現在の日本では埋葬は火葬後に行わなければならないと法律で決められていますが、イスラム教徒(ムスリム)のために土葬ができる墓地もあります。
日本で埋葬するときは、墓地を事前に調べておくことが大切です。

イスラーム教のお葬式の進め方

ムスリムが危篤になると、イマームと呼ばれる導師が呼ばれ、クルアーン(コーラン)を唱え、聖水を口に含ませます。

臨終するとクルアーンの教えに従って遺体が洗浄され、その後は鼻の穴などに綿を詰め、遺体を白い布で覆って頭や足、手などを縛るカファンと呼ばれる儀式が行われます。
カファンが行われた遺体は、モスクと呼ばれる礼拝所に移します。

遺体は説教壇の前に設けられた台に安置し、コーランの一説が書かれた布で覆います。
棺はメッカに顔を向けて置かれます。

ムスリムの葬儀はとても質素です。
イマームが先頭に立ち、その後ろにムスリムの参列者が並びます。
イマームがアッラーフ・アクバル、ラーイラーハイッラッラー(神は偉大なり、アッラーのほかに神なし)と唱えると、ムスリムの参列者もそれに続きます。
その後はクルアーンを黙読し、クルアーンの言葉を何度か唱和して葬儀の礼拝が終わります。

この礼拝の間は、ムスリム以外の参列者はムスリムの後ろ並んで、故人の冥福を祈ります。
礼拝には参加できません。

イスラーム教では埋葬の儀式が大切

礼拝が終ると遺体を墓所に移します。
出棺時にムスリムの参列者は、アッラーフ・アクバル、ラーイラーハイッラッラーを唱え、故人の冥福を祈ります。

遺体はイスラーム霊園に埋葬されますが、遺体の右側を下にし、顔をメッカに向くようにして埋葬します。

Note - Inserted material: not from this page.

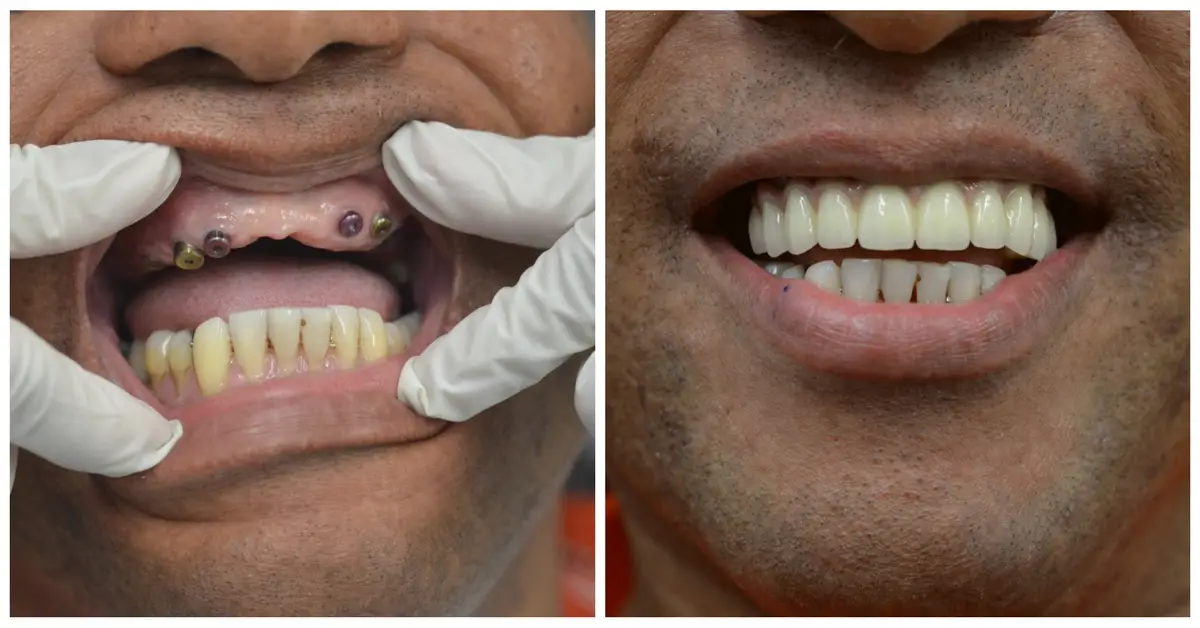 whole mouth dental implants 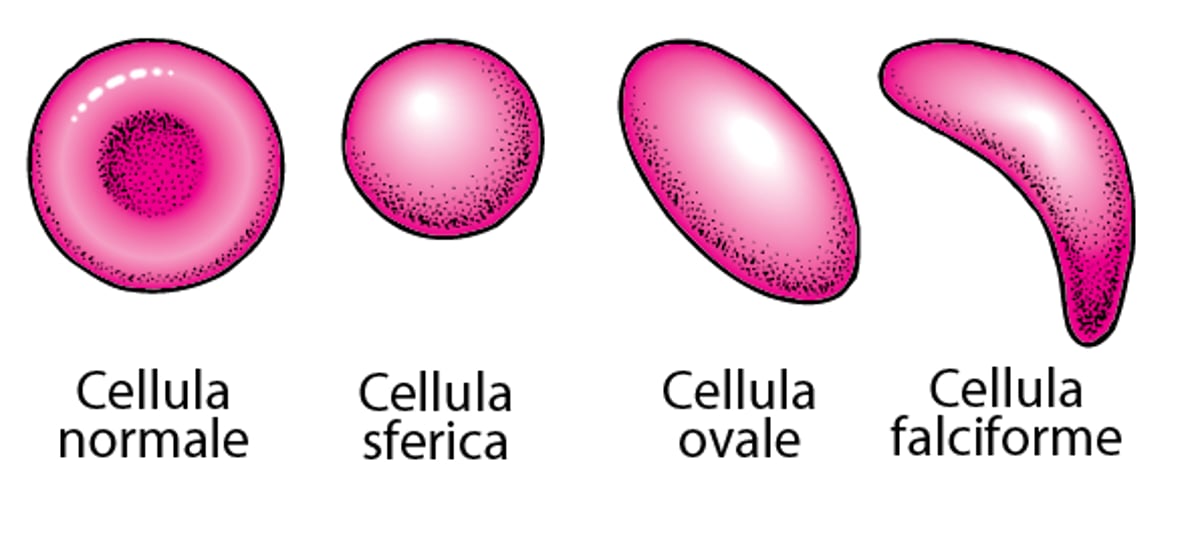 Morfologia dei globuli rossi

イスラーム教では亡くなってからなるべく早く埋葬することが何よりも大切とされています。
例えば朝に亡くなったら、その日の午後にはもう埋葬されているなどとてもスピーディーです。
ですからこれらの拝礼とは別に、埋葬を行った後に告別式が行われることもあります。

イスラム教の信者でない人が、ムスリムの葬儀の参列するときは、他の宗教と同様に黒の喪服で参列しましょう。
香典の習慣はイスラーム教にはありませんから、香典を断られる場合もあります。

また、イスラム教では故人の親族のうち男性は3日間、女性は4か月と10日の間喪に服します。
この期間は黒っぽい地味な服装で、心静かに過ごさなければいけません。